[TASK INPUTS]
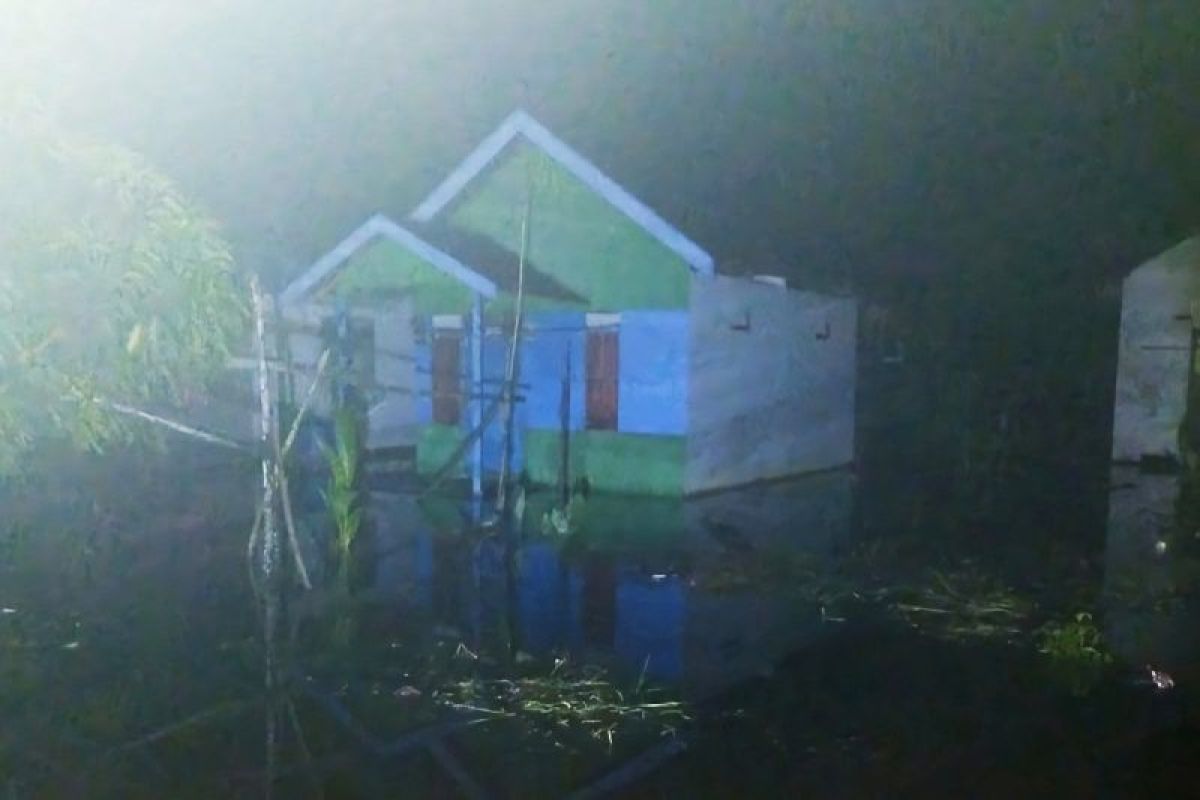 Banjir rob rendam sebagian wilayah selatan Kotim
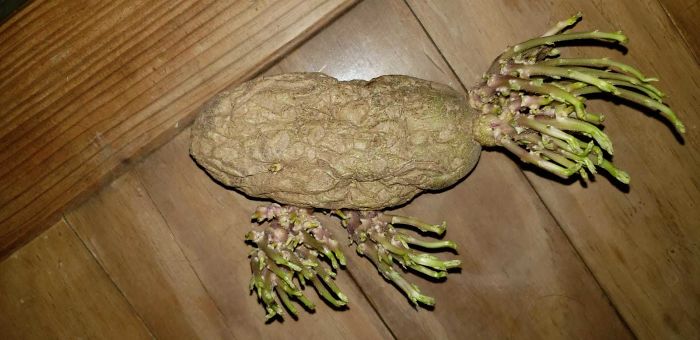 This Sprouting Potato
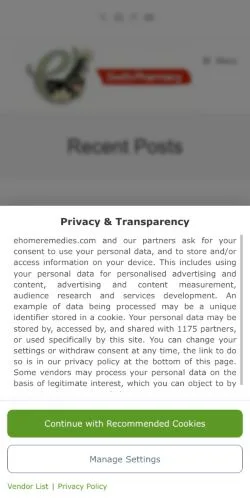 Anteprima del sito eHome Remedies -, media di Stati Uniti per articoli sponsorizzati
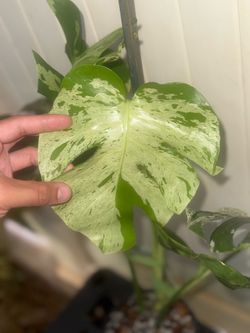 Monstera vietciosa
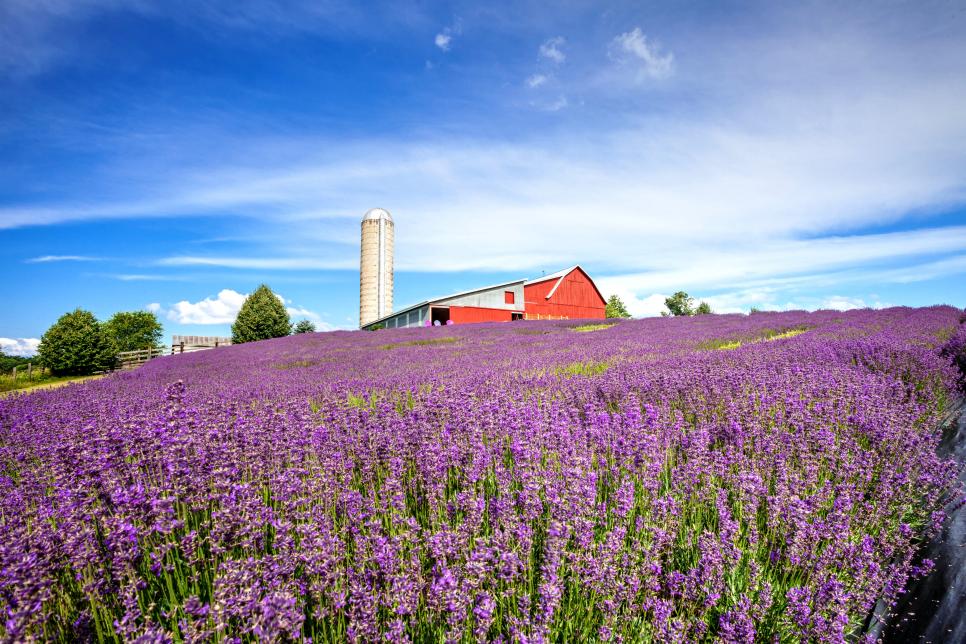 Lavender Hill Farm
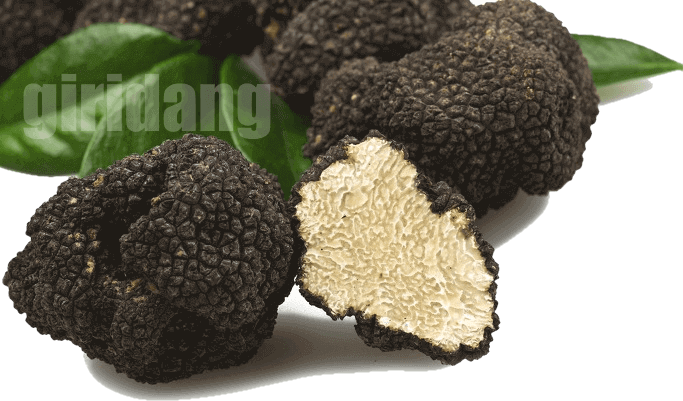 [송로버섯]truffles, 효능, 부작용, 먹는 방법등에 관한 8가지 정보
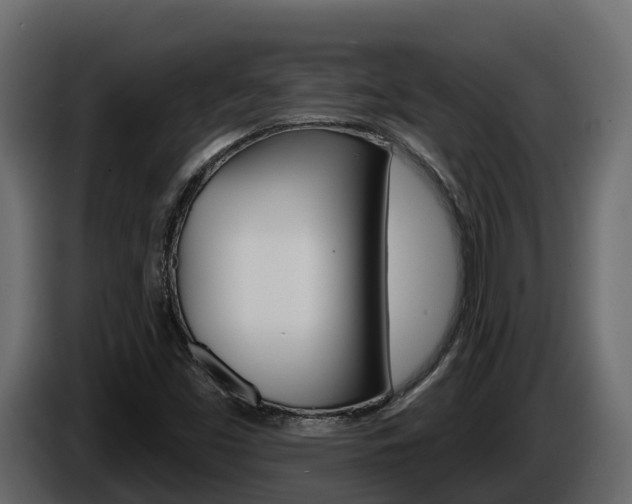 X0000086021453200703230922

[ACTION ITEM]
Beginning with the line that holds "Anteprima del sito", extract every line to the end of the material, exactly as it stands, and drop the pictures.

[SOLUTION FOR THIS EXERCISE]
 Anteprima del sito eHome Remedies -, media di Stati Uniti per articoli sponsorizzati
 Monstera vietciosa
 Lavender Hill Farm
 [송로버섯]truffles, 효능, 부작용, 먹는 방법등에 관한 8가지 정보
 X0000086021453200703230922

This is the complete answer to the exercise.